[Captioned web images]
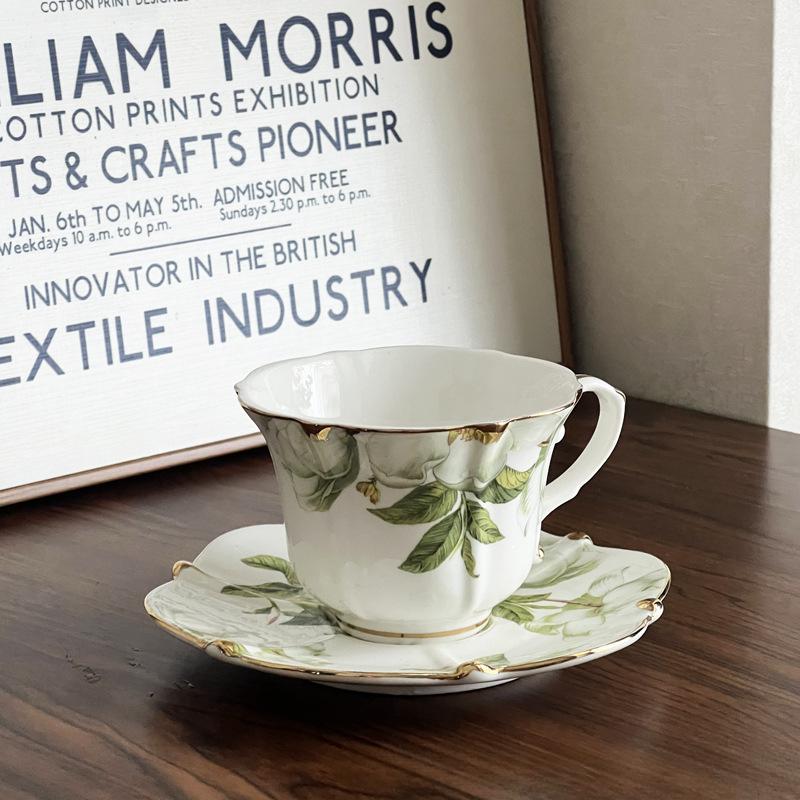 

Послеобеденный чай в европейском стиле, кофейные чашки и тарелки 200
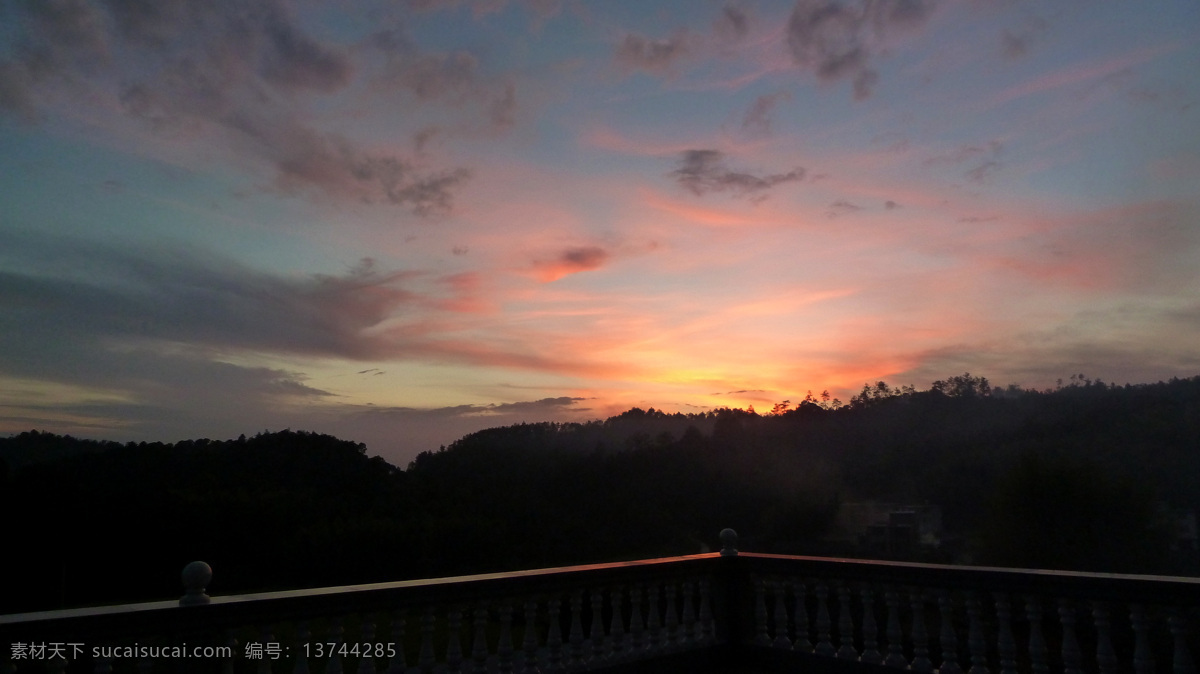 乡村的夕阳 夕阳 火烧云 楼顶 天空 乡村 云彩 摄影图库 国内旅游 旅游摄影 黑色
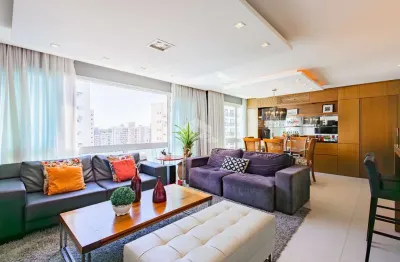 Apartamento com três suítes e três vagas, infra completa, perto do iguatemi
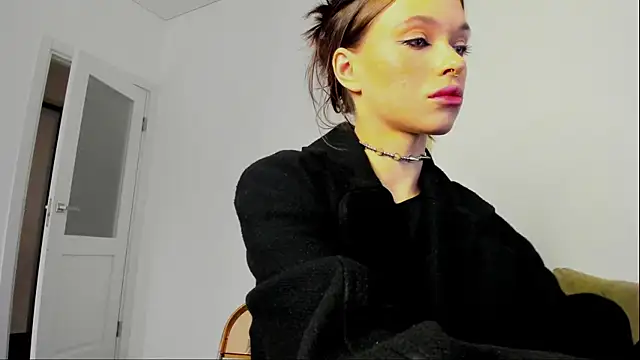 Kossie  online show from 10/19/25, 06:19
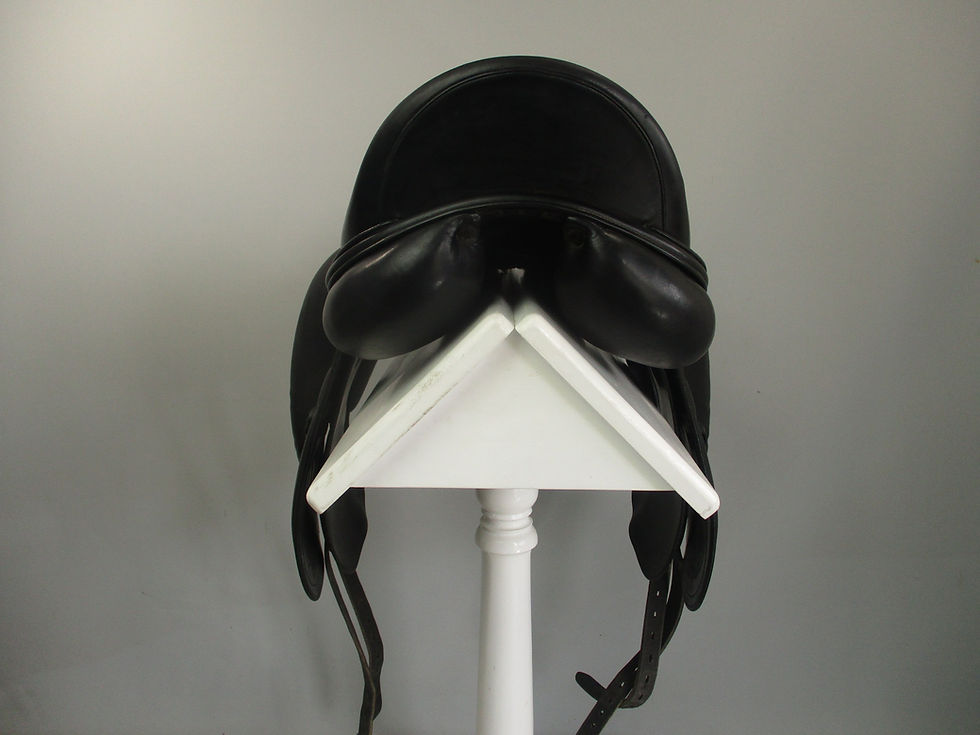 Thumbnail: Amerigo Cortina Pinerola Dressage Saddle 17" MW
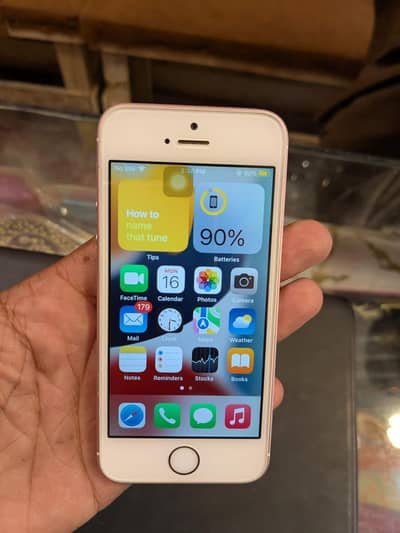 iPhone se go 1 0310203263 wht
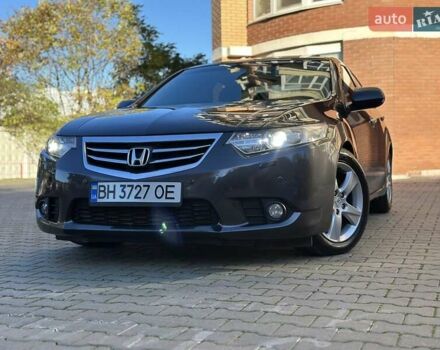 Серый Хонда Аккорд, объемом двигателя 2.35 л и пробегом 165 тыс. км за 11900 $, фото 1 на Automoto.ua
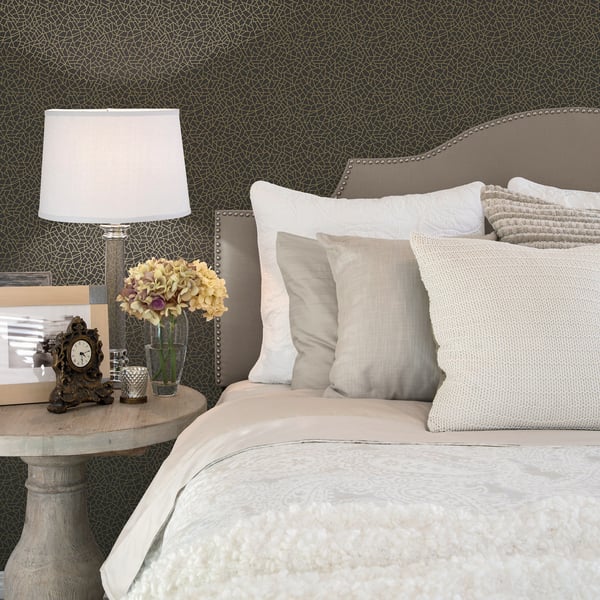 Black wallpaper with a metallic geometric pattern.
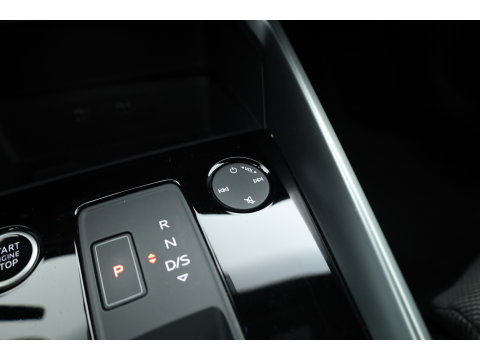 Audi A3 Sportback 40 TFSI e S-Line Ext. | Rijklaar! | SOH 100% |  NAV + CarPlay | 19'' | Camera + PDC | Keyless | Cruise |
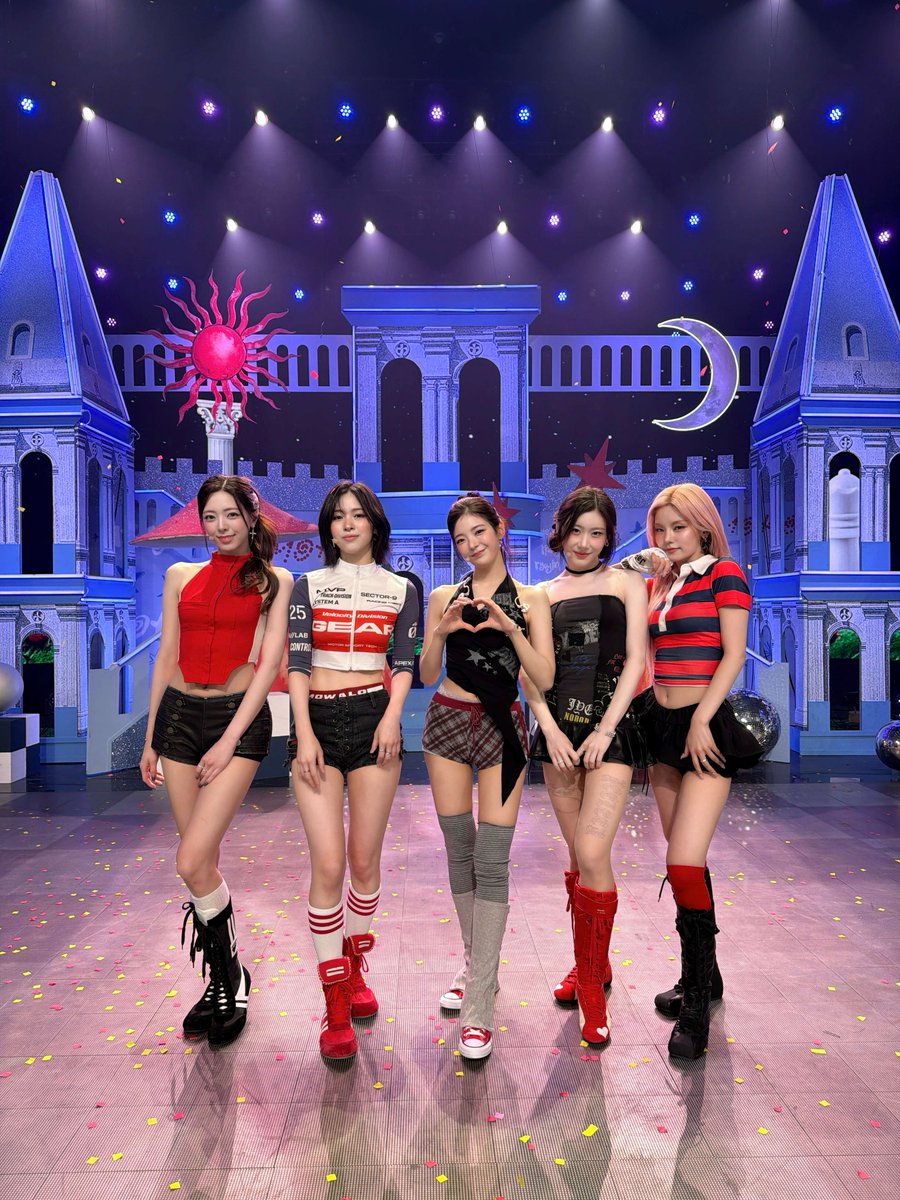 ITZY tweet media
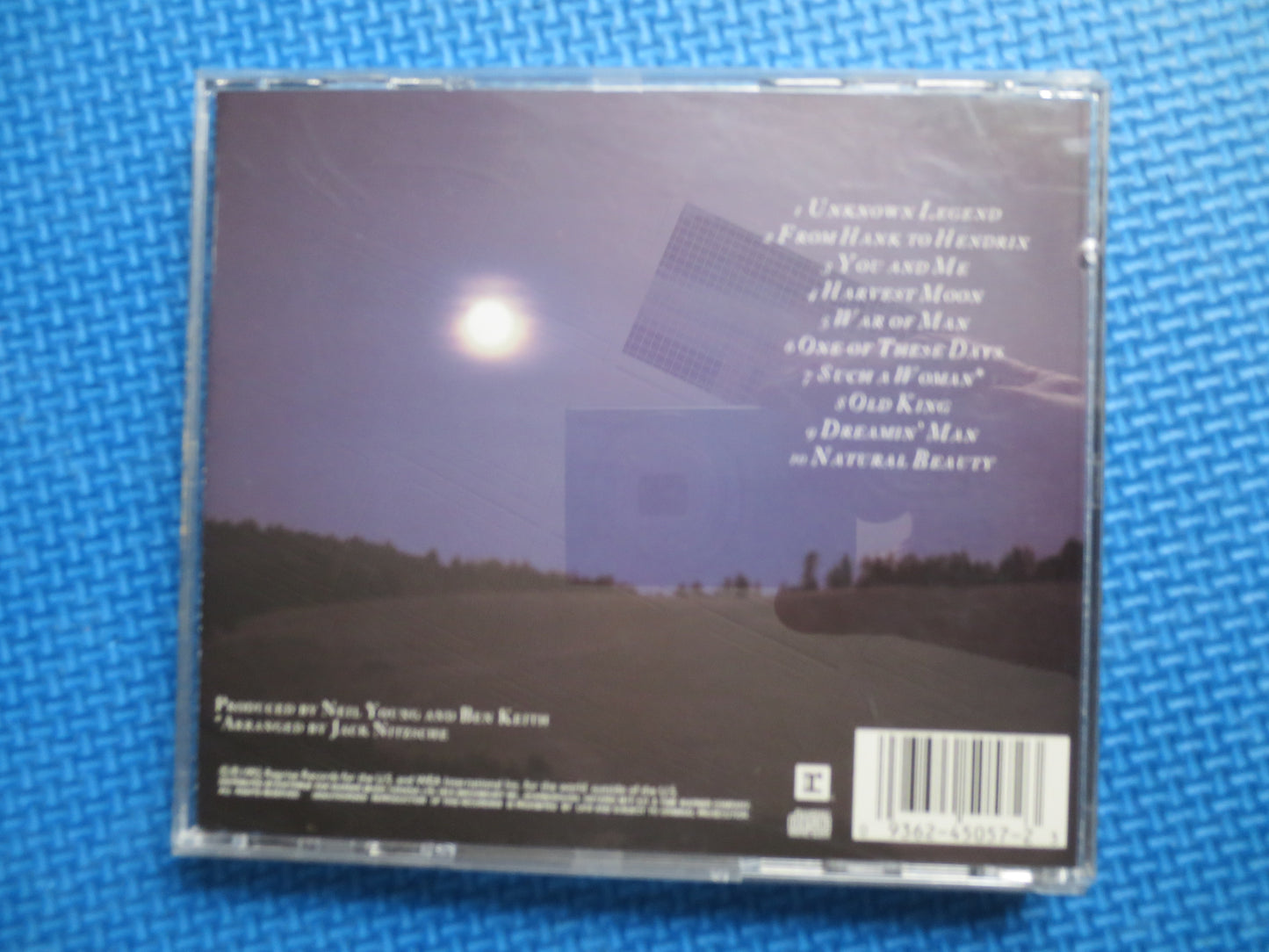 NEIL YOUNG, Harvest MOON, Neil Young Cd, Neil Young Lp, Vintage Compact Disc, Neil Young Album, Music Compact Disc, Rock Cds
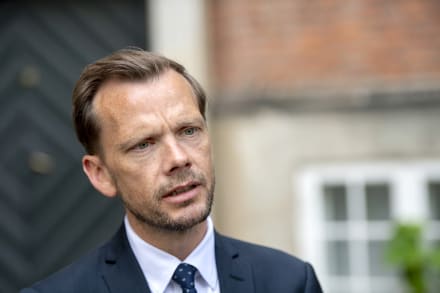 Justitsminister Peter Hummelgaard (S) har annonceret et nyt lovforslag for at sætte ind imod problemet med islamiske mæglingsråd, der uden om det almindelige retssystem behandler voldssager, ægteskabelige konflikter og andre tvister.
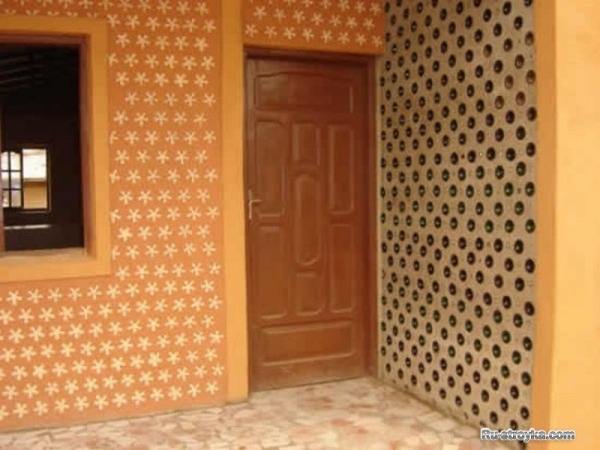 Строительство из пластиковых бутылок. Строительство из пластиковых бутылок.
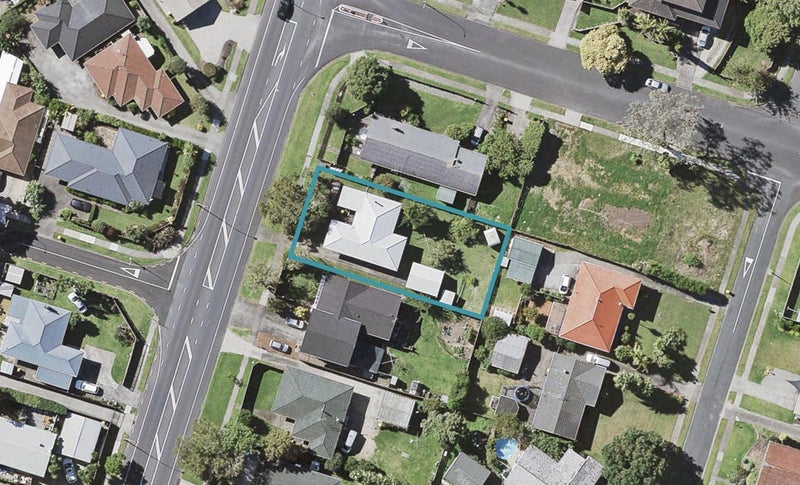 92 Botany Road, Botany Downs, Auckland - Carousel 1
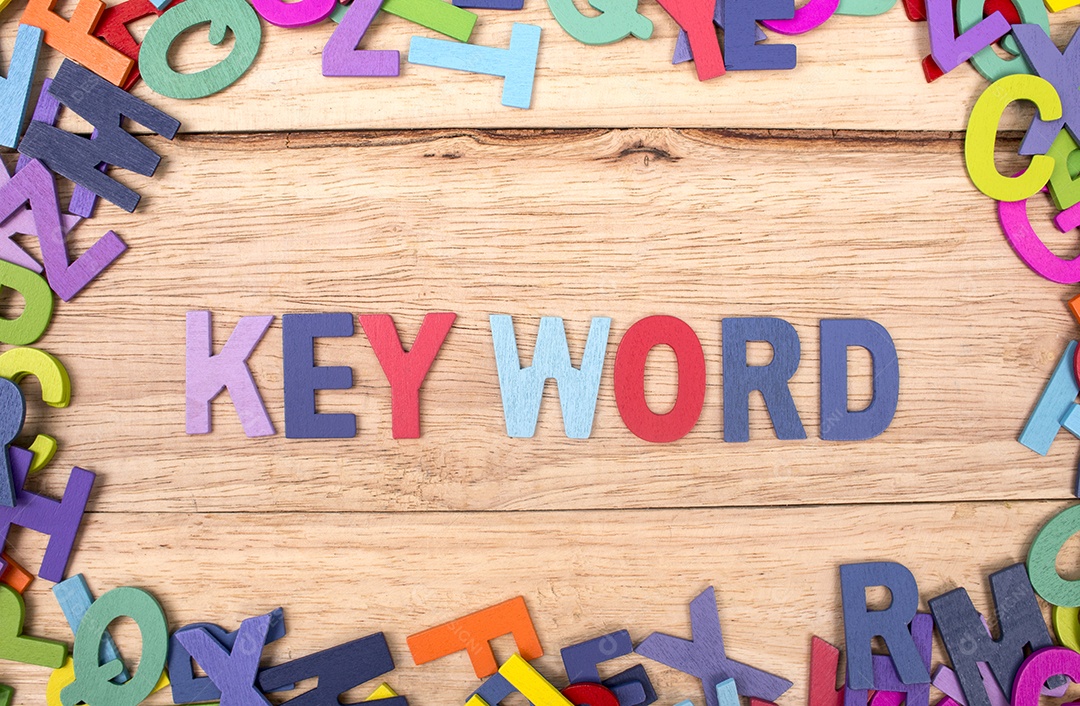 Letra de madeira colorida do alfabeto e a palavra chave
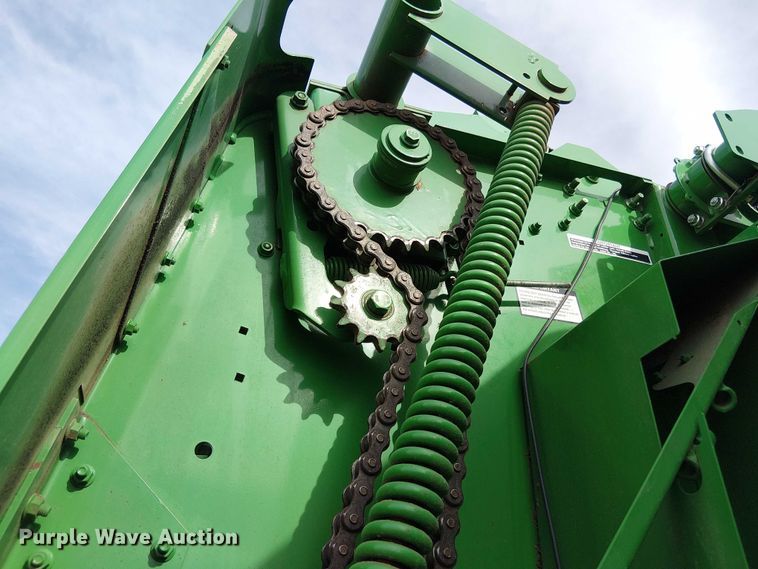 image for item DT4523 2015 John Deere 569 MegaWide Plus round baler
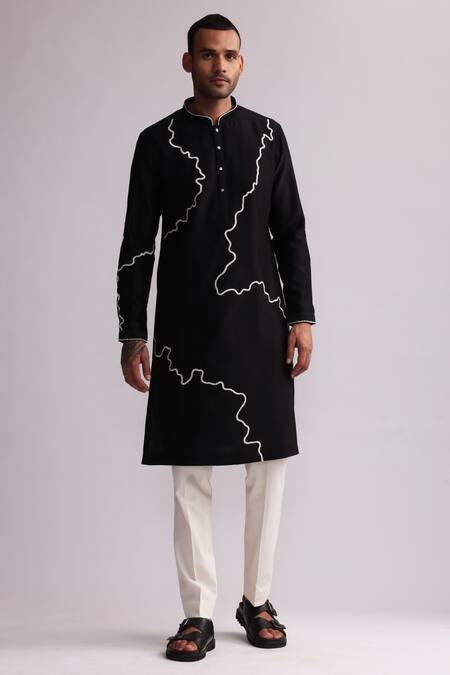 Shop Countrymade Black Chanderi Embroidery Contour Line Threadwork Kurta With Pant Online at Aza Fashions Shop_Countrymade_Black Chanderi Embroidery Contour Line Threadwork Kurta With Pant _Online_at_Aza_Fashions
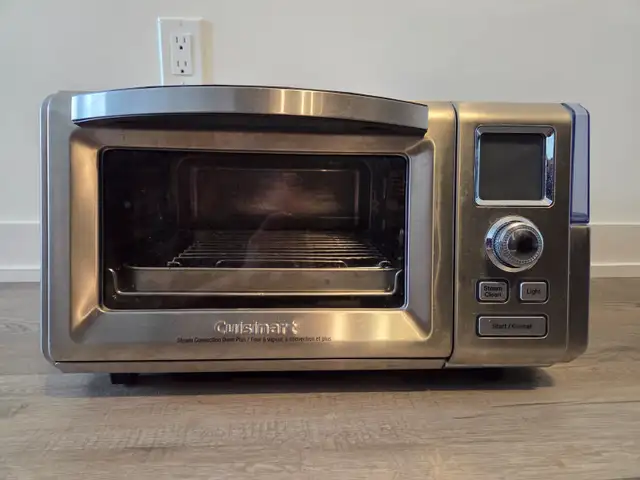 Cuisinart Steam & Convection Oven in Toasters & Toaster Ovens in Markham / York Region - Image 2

- **Action item**:
Output exactly the lines above that lie between the line with "iPhone se go 1 0310203263 wht" and the line with "Letra de madeira", those two lines included, and no pictures.

- **Output below**:
 iPhone se go 1 0310203263 wht
 Серый Хонда Аккорд, объемом двигателя 2.35 л и пробегом 165 тыс. км за 11900 $, фото 1 на Automoto.ua
 Black wallpaper with a metallic geometric pattern.
 Audi A3 Sportback 40 TFSI e S-Line Ext. | Rijklaar! | SOH 100% |  NAV + CarPlay | 19'' | Camera + PDC | Keyless | Cruise |
 ITZY tweet media
 NEIL YOUNG, Harvest MOON, Neil Young Cd, Neil Young Lp, Vintage Compact Disc, Neil Young Album, Music Compact Disc, Rock Cds
 Justitsminister Peter Hummelgaard (S) har annonceret et nyt lovforslag for at sætte ind imod problemet med islamiske mæglingsråd, der uden om det almindelige retssystem behandler voldssager, ægteskabelige konflikter og andre tvister.
 Строительство из пластиковых бутылок. Строительство из пластиковых бутылок.
 92 Botany Road, Botany Downs, Auckland - Carousel 1
 Letra de madeira colorida do alfabeto e a palavra chave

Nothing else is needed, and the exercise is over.